The Department of Justice is questioning the legitimacy of the AT&T and T-Mobile deal
The Department of Justice is now questioning the status of the AT&T and T-Mobile merger after AT&T withdrew its application from the FCC. The DOJ sees the application withdrawal as an intent to abandon the deal, or to submit a radically changed version.
The DOJ, in a Tuesday telephone conference, questioned whether AT&T’s merger application was still active, wrote Richard Levie, a special master overseeing the DOJ’s antitrust case against the merger. “DOJ interprets these comments to mean that the current litigation may, in fact, not present a live case or controversy,” Levie wrote in an order.
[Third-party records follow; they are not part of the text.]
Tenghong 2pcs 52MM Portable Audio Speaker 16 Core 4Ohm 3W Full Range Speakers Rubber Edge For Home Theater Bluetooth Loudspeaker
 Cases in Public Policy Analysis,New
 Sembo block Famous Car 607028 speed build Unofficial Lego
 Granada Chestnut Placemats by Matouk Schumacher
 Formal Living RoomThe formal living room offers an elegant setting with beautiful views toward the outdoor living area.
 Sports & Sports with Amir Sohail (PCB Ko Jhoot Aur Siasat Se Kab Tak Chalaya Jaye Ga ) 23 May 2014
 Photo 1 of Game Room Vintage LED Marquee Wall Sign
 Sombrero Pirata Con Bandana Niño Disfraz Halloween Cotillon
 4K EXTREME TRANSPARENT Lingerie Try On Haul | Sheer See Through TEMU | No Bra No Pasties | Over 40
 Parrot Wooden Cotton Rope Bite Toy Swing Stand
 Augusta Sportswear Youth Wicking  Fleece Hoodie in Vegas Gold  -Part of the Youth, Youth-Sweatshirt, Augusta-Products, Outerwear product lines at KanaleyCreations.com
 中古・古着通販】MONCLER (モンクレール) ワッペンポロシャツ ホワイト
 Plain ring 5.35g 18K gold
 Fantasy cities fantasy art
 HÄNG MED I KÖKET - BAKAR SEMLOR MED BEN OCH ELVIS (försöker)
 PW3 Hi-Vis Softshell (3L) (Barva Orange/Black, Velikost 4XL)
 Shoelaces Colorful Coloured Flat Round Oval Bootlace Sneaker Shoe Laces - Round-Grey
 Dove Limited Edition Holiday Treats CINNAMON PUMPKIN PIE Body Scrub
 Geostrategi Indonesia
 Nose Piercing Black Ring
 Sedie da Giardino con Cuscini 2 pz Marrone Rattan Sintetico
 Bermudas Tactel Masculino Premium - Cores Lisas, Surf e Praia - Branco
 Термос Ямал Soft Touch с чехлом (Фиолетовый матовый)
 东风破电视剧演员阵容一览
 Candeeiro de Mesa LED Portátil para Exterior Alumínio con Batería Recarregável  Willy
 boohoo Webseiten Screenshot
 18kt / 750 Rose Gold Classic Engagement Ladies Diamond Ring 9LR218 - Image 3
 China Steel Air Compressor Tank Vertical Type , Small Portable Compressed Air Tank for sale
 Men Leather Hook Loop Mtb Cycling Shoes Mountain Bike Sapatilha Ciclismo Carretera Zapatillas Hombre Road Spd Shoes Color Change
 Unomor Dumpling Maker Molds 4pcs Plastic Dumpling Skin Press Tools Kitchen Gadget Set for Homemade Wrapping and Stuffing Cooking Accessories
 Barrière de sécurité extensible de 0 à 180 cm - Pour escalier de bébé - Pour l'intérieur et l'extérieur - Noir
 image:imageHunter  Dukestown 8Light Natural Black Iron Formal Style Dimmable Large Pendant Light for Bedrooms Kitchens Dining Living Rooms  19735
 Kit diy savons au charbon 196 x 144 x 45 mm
The FCC wrote a lengthy, scathing report regarding the application after AT&T's withdrawal. AT&T, in response, said that the FCC was guilty of a smear campaign and that the report was misinformed and misrepresented facts.
The federal court case is on track, and the anti-litigation trial is scheduled to begin in February 2012. In the meantime, I'm inclined to agree with MetroPCS' CFO when he says that the likelihood of the deal going through is slim. It will require approval from the FCC, who has already made its position on the merger very clear.
If the deal fails to go through, AT&T says it plans on exploring other partnership options with T-Mobile in the future.